According to a report from an ISI Group study, 2.3 million Americans have pulled the cable cord since 2010. This sounds impressive—till you consider that they categorize the bundled Internet access, telephone (landline), and television packages from AT&T and Verizon as “telecommunications”. Comcast and Time Warner, among others, offer similar packages it is worth noting.
Call it what you want to call it, but this is ultimately semantics. In the end, consumers will consider a bundled pay TV package not coming from a satellite dish “cable”. According to ISI’s numbers, the “telcos” market share increased 3.6 per cent while cable’s share slumped 3.8 per cent. In other words, unless the market as a whole has shrinked drastically—and there is no evidence indicating it has—there has been no major dropoff in what we would colloquially call “cable TV”.

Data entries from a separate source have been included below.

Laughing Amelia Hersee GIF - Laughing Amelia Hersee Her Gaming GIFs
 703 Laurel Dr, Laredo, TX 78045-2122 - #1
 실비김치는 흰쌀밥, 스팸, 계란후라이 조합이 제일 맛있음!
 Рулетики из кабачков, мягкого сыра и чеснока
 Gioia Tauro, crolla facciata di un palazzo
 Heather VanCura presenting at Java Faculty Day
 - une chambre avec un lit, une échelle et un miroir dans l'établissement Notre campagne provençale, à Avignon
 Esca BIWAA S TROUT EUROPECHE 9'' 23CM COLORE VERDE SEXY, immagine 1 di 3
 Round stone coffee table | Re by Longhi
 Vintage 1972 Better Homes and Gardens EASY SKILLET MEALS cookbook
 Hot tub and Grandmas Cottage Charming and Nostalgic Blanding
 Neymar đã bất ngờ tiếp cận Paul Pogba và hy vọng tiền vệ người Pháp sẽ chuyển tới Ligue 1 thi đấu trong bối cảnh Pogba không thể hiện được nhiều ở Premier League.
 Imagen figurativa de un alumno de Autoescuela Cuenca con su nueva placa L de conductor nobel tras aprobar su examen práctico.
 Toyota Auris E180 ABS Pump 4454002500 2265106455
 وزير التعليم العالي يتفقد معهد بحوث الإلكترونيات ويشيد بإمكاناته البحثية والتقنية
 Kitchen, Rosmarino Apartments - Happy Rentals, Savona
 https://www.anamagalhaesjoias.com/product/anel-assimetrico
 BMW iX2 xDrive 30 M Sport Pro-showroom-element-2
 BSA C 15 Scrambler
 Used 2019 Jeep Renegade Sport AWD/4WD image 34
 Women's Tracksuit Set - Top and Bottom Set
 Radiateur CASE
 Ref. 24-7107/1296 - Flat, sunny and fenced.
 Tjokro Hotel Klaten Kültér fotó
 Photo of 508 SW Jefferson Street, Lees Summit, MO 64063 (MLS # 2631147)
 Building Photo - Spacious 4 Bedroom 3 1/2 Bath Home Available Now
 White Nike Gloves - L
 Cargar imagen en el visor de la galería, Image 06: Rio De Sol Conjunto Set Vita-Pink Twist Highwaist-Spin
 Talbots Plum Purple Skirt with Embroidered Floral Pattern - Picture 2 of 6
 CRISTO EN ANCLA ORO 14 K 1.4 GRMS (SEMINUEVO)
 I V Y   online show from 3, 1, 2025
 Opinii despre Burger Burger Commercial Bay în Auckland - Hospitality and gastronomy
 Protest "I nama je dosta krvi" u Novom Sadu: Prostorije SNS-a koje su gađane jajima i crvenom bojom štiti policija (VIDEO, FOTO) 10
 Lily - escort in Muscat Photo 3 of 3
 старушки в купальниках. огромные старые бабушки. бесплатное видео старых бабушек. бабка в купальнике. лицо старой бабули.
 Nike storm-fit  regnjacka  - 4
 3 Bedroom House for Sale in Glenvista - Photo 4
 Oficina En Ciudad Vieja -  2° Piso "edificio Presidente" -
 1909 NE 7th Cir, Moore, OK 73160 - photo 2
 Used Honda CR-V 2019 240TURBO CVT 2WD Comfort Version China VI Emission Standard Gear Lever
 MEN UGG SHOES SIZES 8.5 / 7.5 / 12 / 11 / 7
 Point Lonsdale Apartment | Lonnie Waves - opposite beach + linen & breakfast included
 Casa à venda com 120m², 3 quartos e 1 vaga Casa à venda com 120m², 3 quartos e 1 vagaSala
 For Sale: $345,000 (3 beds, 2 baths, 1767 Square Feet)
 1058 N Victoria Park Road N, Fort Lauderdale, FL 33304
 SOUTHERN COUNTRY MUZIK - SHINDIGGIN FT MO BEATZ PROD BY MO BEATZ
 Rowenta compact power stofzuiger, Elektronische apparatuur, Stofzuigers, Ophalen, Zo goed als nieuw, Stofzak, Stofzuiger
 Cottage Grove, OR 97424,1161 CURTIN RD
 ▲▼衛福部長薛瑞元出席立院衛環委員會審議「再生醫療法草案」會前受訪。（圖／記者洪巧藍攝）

On the other hand, Credit Suisse analyst Stefan Anninger predicted that there will be 200,000 less subscribers to pay TV in 2012. Consider for a moment that over 80 million American households have some form of pay TV (cable, satellite, broadband). Two hundred thousand and change lost subscribers isn’t an indication of a broad trend—it’s a rounding error.
Further undermining the idea of a decline, Bernstein Research found that the number of pay TV’s subscribers actually increased by 224,000 last year. Again, a pretty neglible number either way, but certainly not indicative of a broad based decline. In case you were wondering, Bernstein found that the “telcos” picked up 3.2 million subscribers in 2010 and 2011,
If this were a declining medium, it would also seem a little strange that cable TV raked in its highest ad sales ever last year—and is forecast to do even more this year. When it comes down to it, cable TV is still the best way to reach the largest number of engaged eyeballs around. According to Nielsen, the average American watches over 32 hours of TV a week, presumably much of it on cable channels.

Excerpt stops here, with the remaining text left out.